Omit all pictures and transcribe only the lines in the entries below that run from the line with "Build Yve Terbaik" through the line with "Table salon élégance".

---- ENTRIES SHOWN

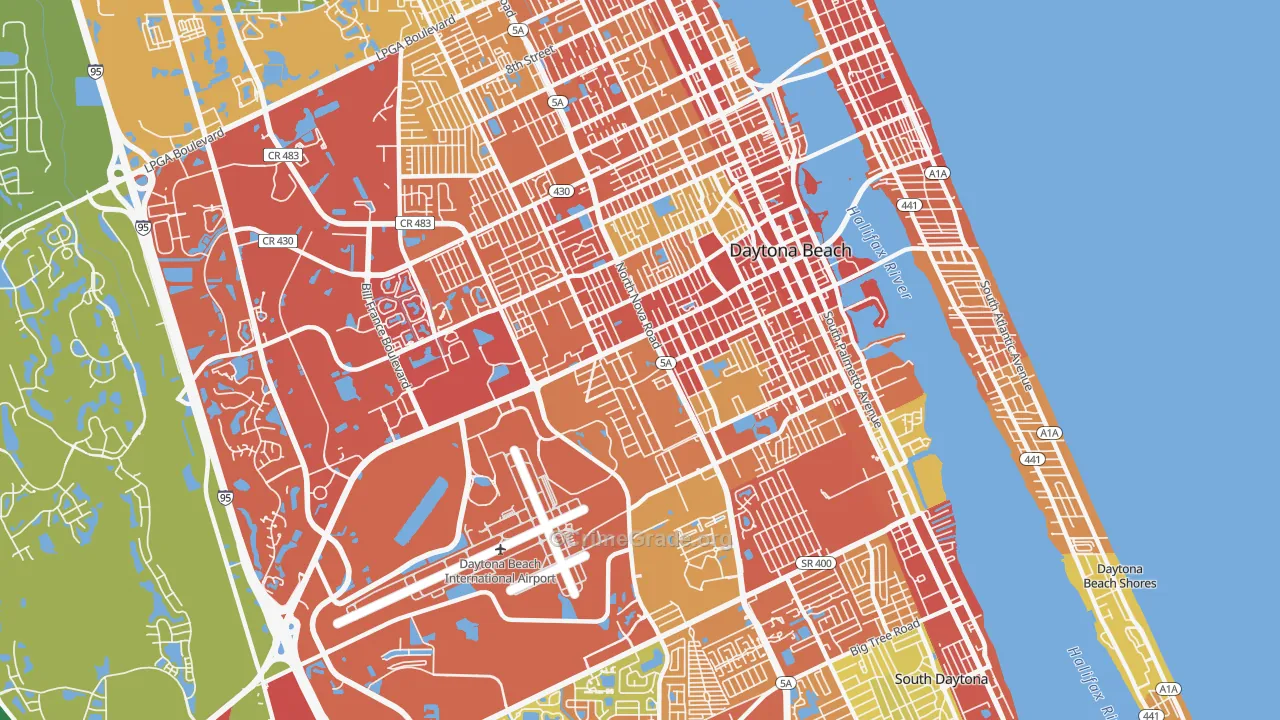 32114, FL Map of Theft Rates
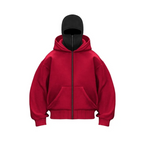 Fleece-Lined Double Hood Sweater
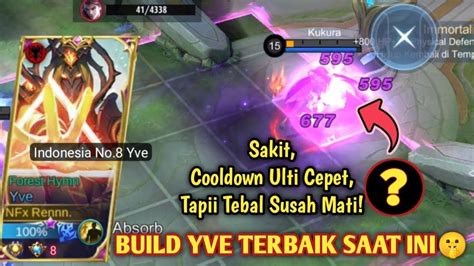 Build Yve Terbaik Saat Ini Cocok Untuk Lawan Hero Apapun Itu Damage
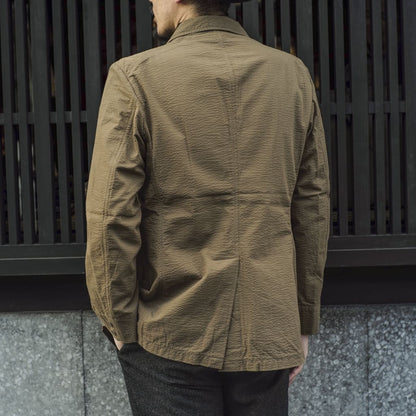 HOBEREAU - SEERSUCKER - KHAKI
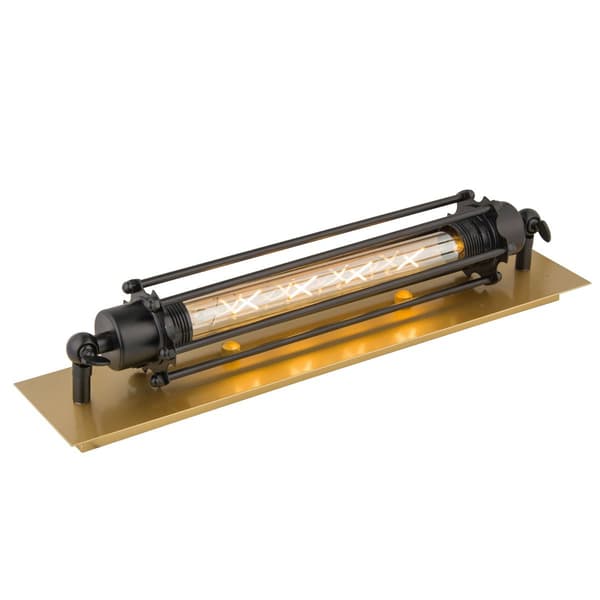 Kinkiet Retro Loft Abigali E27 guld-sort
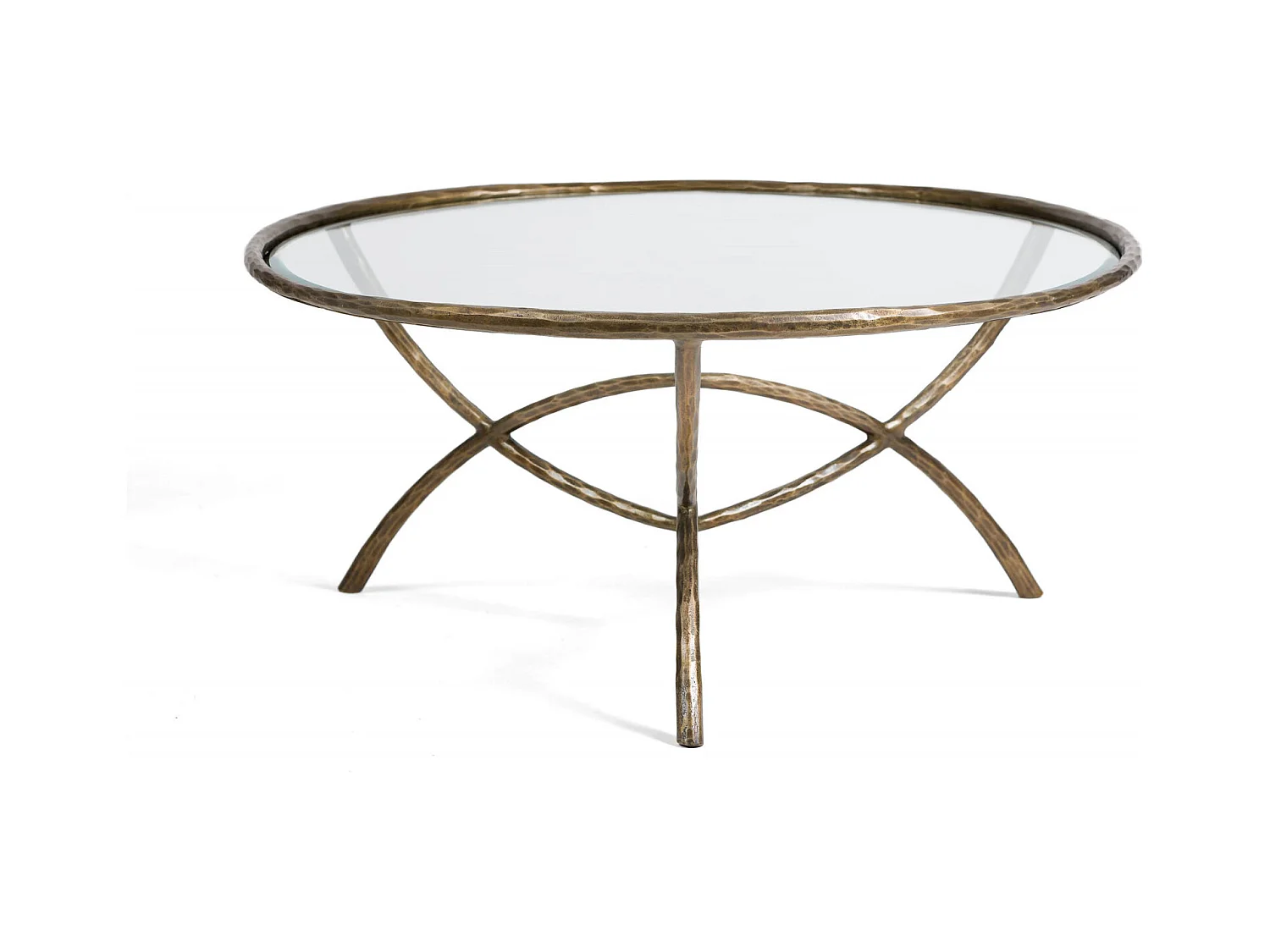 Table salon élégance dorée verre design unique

--------
---- ENTRIES SHOWN

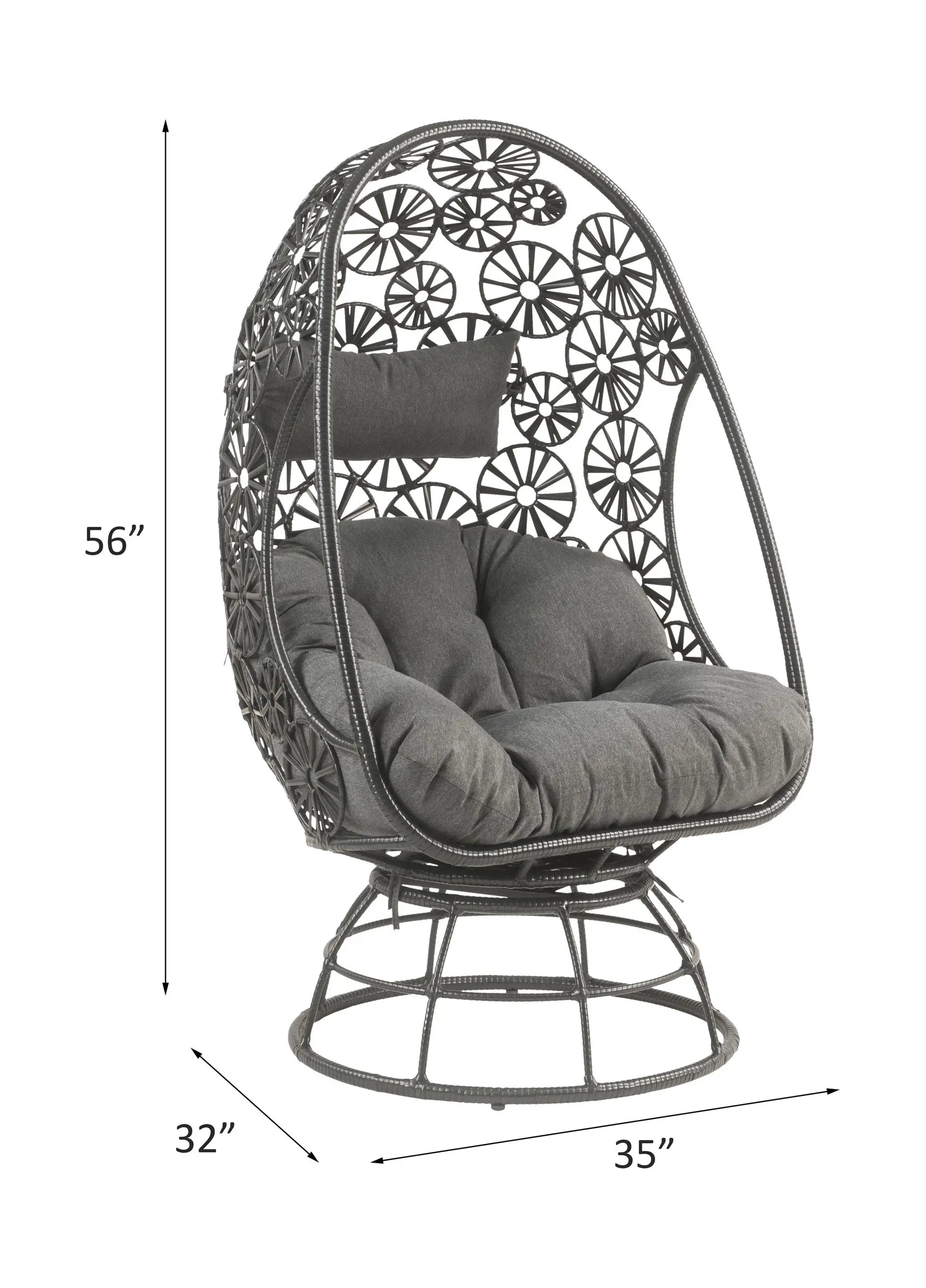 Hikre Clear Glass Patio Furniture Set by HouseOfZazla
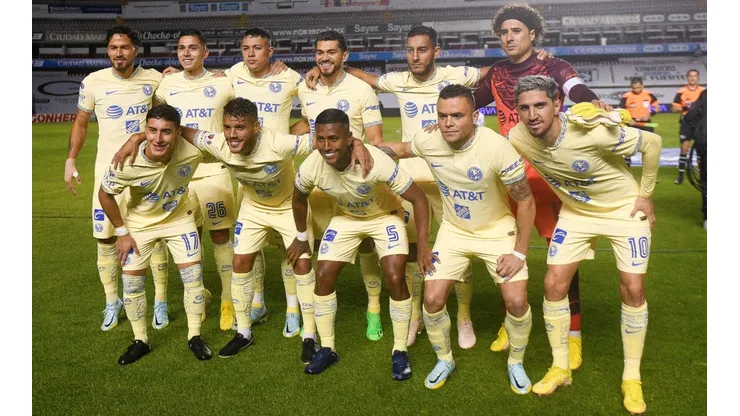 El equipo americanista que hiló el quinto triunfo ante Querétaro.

--------
---- ENTRIES SHOWN

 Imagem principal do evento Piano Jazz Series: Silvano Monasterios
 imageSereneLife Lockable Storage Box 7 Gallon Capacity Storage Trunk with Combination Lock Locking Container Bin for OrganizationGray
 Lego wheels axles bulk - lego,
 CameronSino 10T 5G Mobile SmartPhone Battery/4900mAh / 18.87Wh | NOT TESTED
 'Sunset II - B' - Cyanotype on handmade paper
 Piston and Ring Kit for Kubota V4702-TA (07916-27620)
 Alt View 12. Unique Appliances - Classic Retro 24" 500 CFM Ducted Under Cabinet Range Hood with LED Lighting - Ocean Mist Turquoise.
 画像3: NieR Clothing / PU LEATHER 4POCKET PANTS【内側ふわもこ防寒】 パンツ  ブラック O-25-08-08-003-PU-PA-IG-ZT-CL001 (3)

--------

* [SOLUTION TO THIS PROBLEM]:
 Build Yve Terbaik Saat Ini Cocok Untuk Lawan Hero Apapun Itu Damage
 HOBEREAU - SEERSUCKER - KHAKI
 Kinkiet Retro Loft Abigali E27 guld-sort
 Table salon élégance dorée verre design unique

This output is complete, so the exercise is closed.